Hello ~
Please help me.
Total GPU : 4
Large qos : 3 (max 3 gpus)
Base qos : 2 (max 2 gpus)
I have a total of four GPUs,
and when a job with a large QoS is using three GPUs and a job with a base QoS is created,
I want the large QoS job to wait for a certain period before the base QoS job starts.
However, as soon as the base QoS job is created, the large QoS job is immediately canceled without any waiting time.
But in the slurmctld log, there is a grace time log.
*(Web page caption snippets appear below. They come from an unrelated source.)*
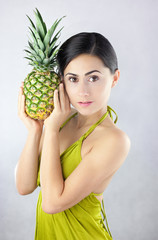 Kobieta w zielonej sukience trzymająca w dłoniach ananasa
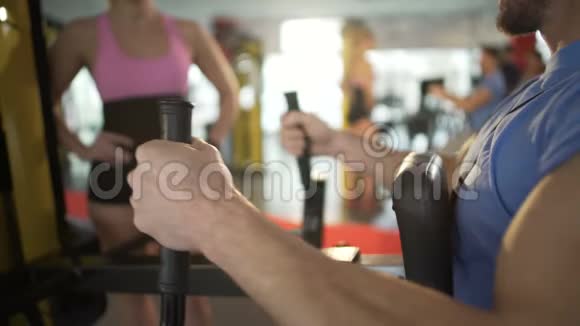 男人在健身房锻炼吸引美女的注意调情视频的预览图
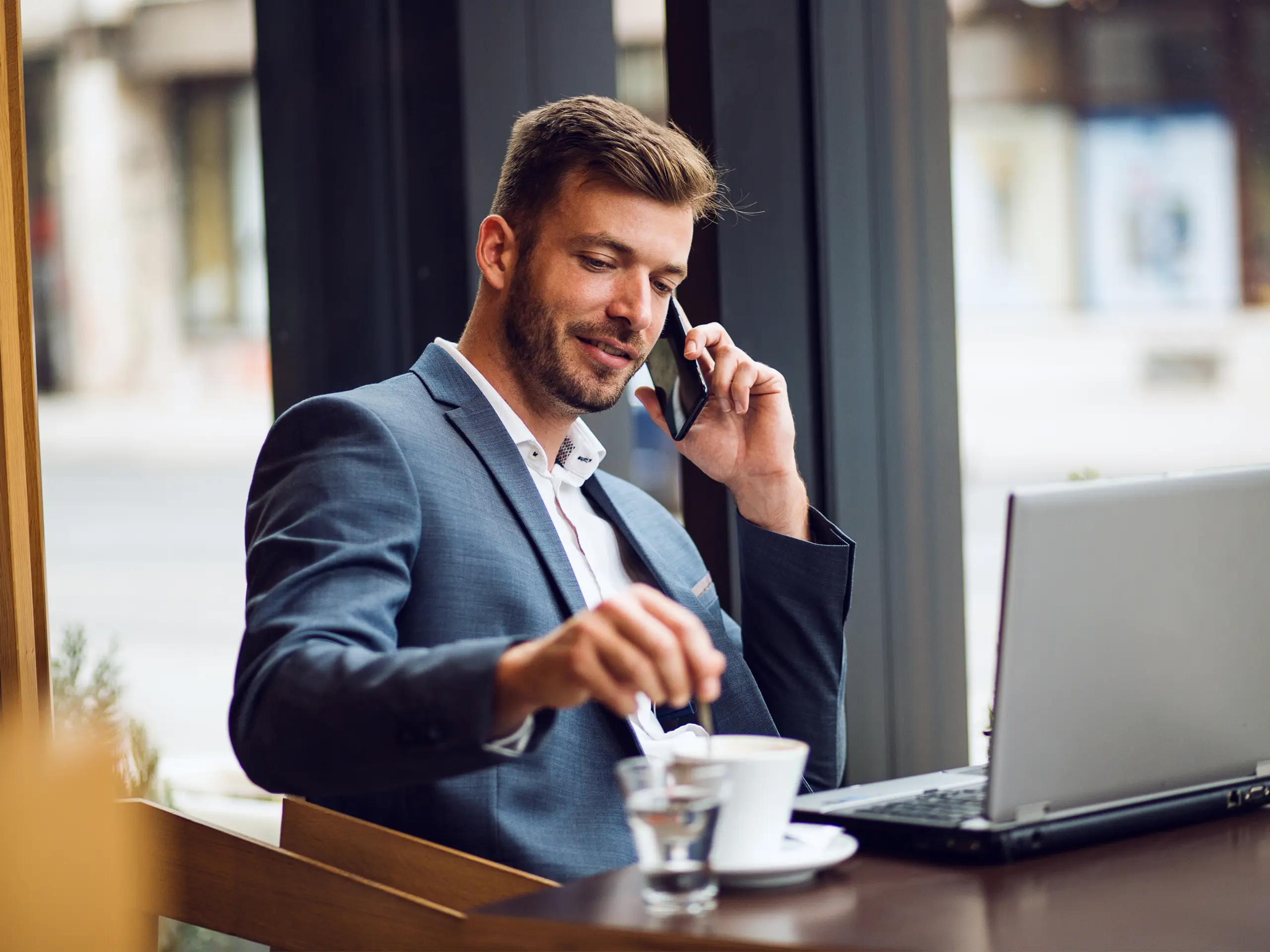 Business man talking at phone, hot drink, ATE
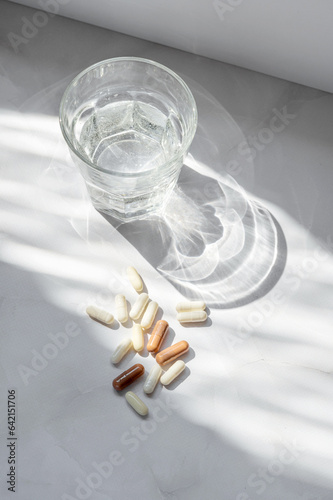 Glass with clean pure water and pills and capsule on white marble table background with aesthetic sunlignt shadow. Healthy morning routine, beauty supplement treatment concept photo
[2023-11-02T11:37:36.589] debug: setting 3600 sec preemption grace time for JobId=153 to reclaim resources for JobId=154
Could you help me understand what might be going wrong?
Here's my Slurm configuration details.
If you need any more information, please feel free to reply at any time.
### /etc/slurm/slurm.conf ###
# cat /etc/slurm/slurm.conf
# slurm.conf file generated by configurator.html.
# Put this file on all nodes of your cluster.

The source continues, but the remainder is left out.